The Cuban government took a new step in the process of economic reforms that it is undertaking and announced, after years of waiting, monetary unification and the establishment of a single exchange rate on the island, at the rate of 24 Cuban pesos per dollar. The unification, which will enter into force on January 1, will make the convertible peso (CUC), created in 1994 and equivalent to the dollar, disappear from the pocket of Cubans, leaving only the Cuban peso (CUP) in circulation on the island, a measure that to straighten out the macroeconomic distortions accumulated over decades by an egalitarian policy that encouraged subsidies but undermined productivity and business efficiency. The population will be given a period of 6 months to exchange the CUC for Cuban pesos.
The so-called ‘Task Order’, which covers not only monetary and exchange reform, but also involves numerous changes in the policy of prices, wages, pensions, etc., was one of the measures most demanded by Cuban economists, since without it The complex process of economic changes that the country is currently carrying out would have been lame, and which include, among others, the promotion of self-employment and small and medium-sized private companies, the granting of greater margins of autonomy to the state company to stimulate productivity, and the end of subsidies to many of these that are inefficient. It is also committed to empowering local authorities to favor investment in their territories and to make policy more flexible to attract foreign investment – this week it was announced that companies with majority participation of foreign capital would be allowed in all sectors, except in the sector of extraction of natural resources and provision of public services.

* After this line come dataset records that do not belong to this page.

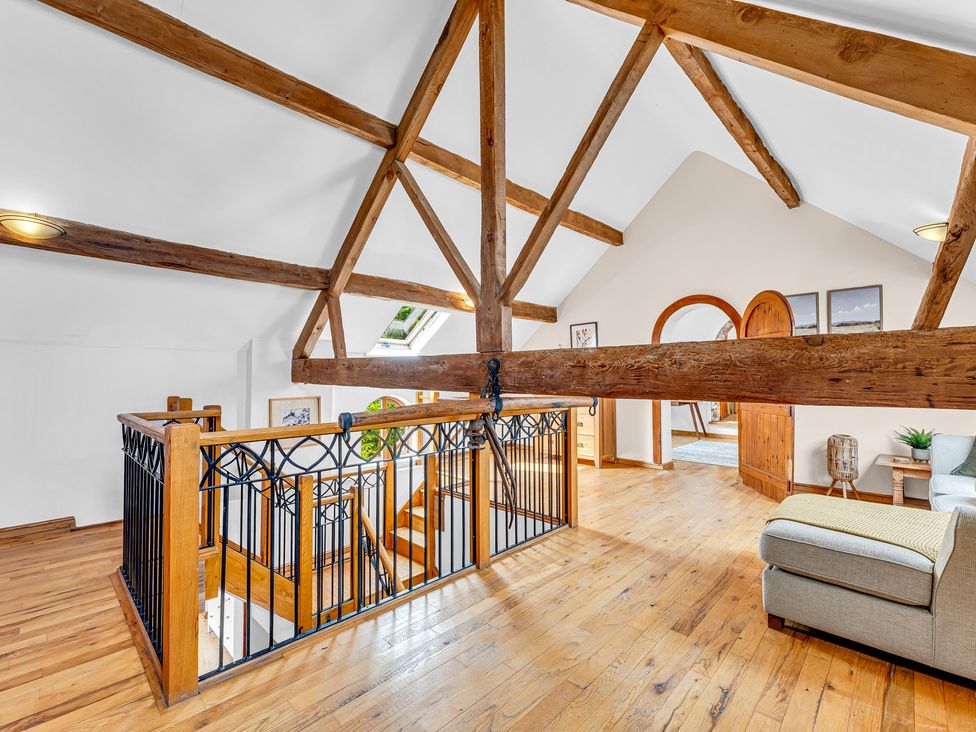 A landing area with wooden railing and stairs at Oxhay Barn Newcastle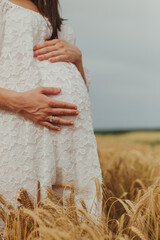 pregnant woman in a wheat field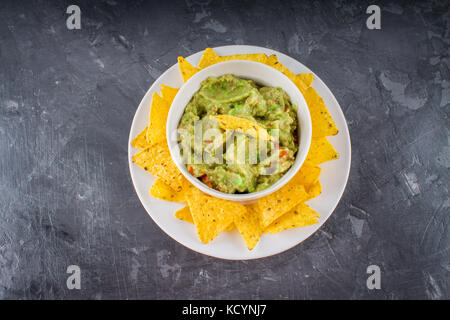 Avec guacamole nachos sur un fond gris. Banque D'Images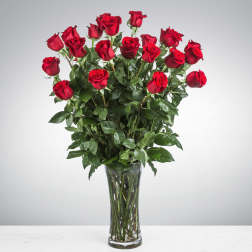 Tall bouquet of red roses in a clear glass vase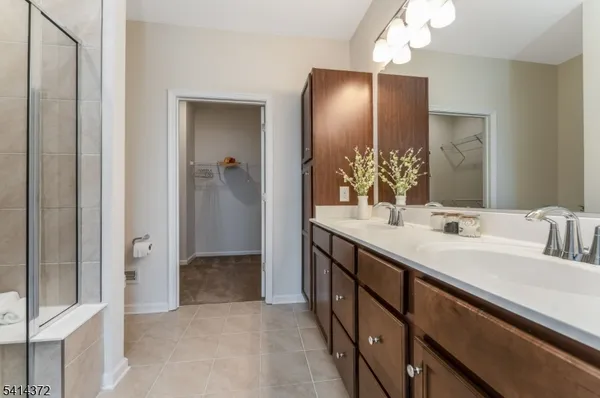 a bathroom with a double vanity sink and a mirror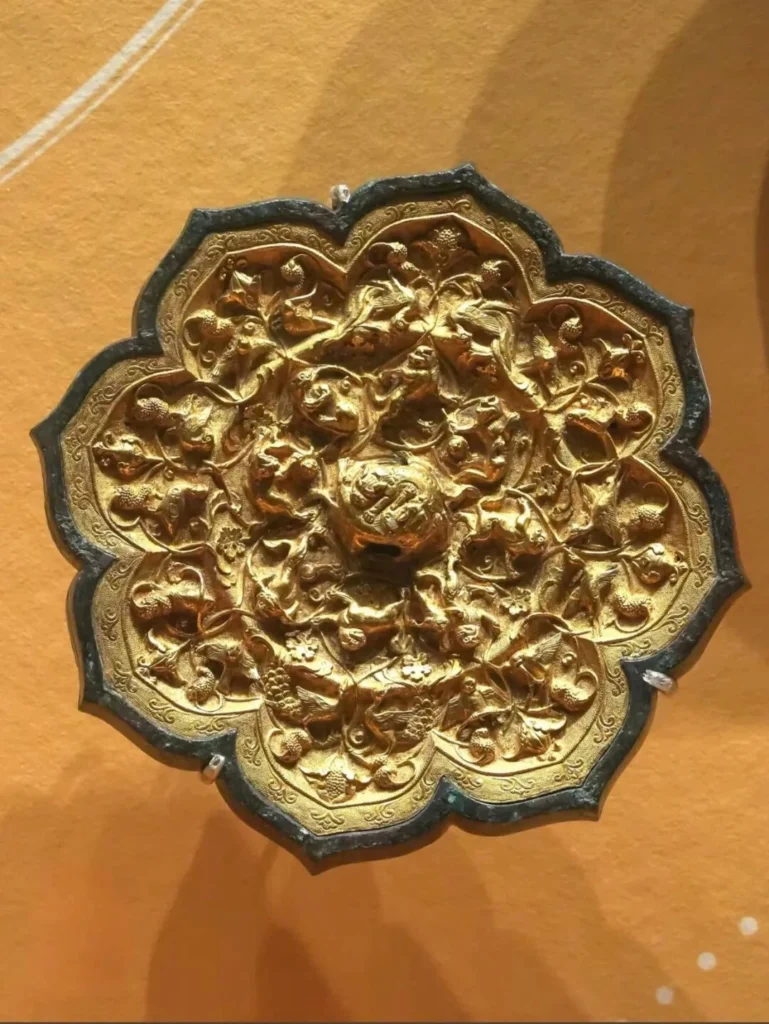 Golden-backed Mythical Beast Grape Mirror: Xi'an Museum—The Pinnacle of Tang Dynasty Bronze Mirror Craftsmanship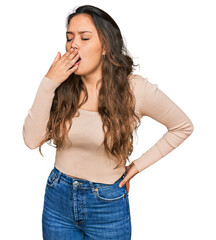 Young hispanic girl wearing casual clothes bored yawning tired covering mouth with hand. restless...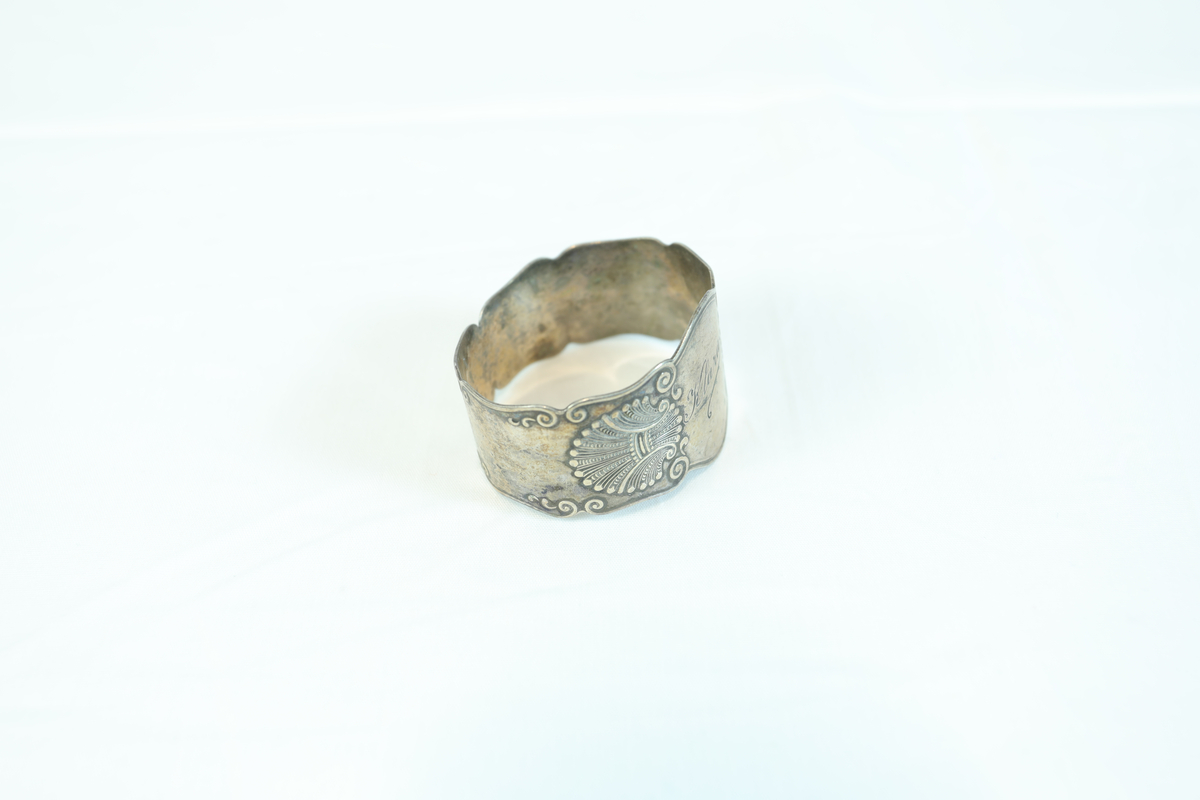 Lite og bredt armbånd i sølv eller tinn. Prydet med mønster og navnet "Klara" i løkkeskrift. 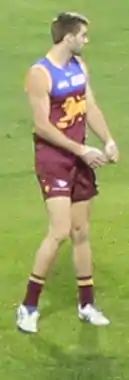 A man in a maroon football jersey stands on grass.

The solemnity with which the coming monetary reform was announced gave the dimension of how crucial it is for the economy and the important consequences it will have for Cubans in the short term. The first secretary of the Communist Party, Raúl Castro, escorted the country’s president, Miguel Díaz-Canel, in a special appearance on television in which only the second spoke, and in which he clearly warned: “The task is not without risks , one of the main ones is that there is an inflation higher than the designed one, exacerbated by the current supply deficit ”.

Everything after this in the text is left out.